Case Name: UNITED STATES of America, Plaintiff-Appellee, v. Anthony Darrell NELSON, Defendant-Appellant
Court: United States Court of Appeals for the Fourth Circuit
Jurisdiction: United States
Decision Date: 2001-10-15
Citations: 23 F. App'x 103
Docket Number: No. 01-4179
Parties: UNITED STATES of America, Plaintiff-Appellee, v. Anthony Darrell NELSON, Defendant-Appellant.
Judges: 
Reporter: West's Federal Appendix
Volume: 23
Pages: 103–105

Head Matter:
UNITED STATES of America, Plaintiff-Appellee, v. Anthony Darrell NELSON, Defendant-Appellant.
No. 01-4179.
United States Court of Appeals, Fourth Circuit.
Submitted Sept. 28, 2001.
Decided Oct. 15, 2001.
Anne R. Littlejohn, Greensboro, NC, for appellant. Benjamin H. White, Jr., United States Attorney, Lisa B. Boggs, Assistant United States Attorney, Greensboro, NC, for appellee.

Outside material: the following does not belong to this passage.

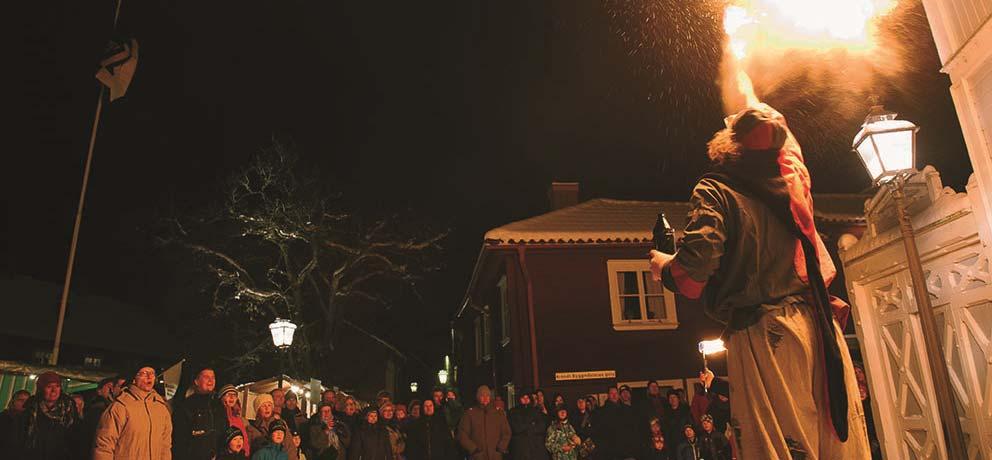 Eksjö Julmarknad 5-6 december En av Sveriges finaste julmarknader. Hantverk av hög kvalitet, godsaker, musik, gycklare. Som en marknadsdag för hundra år sedan.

Before WIDENER, KING, and GREGORY, Circuit Judges.

Opinion:
OPINION
PER CURIAM.
On January 11, 2000, Lieutenant Kelly Hiatt of the Mount Airy Police Department responded to a call of a suspicious vehicle at a Four Brothers Amoco gas station in Mount Airy, North Carolina. Concerned individuals at the gas station reported that a silver Nissan had pulled into the parking lot and remained stationary for approximately thirty minutes. When Hiatt arrived, he observed a silver Nissan on the road near the gas station facing the opposite direction of his vehicle.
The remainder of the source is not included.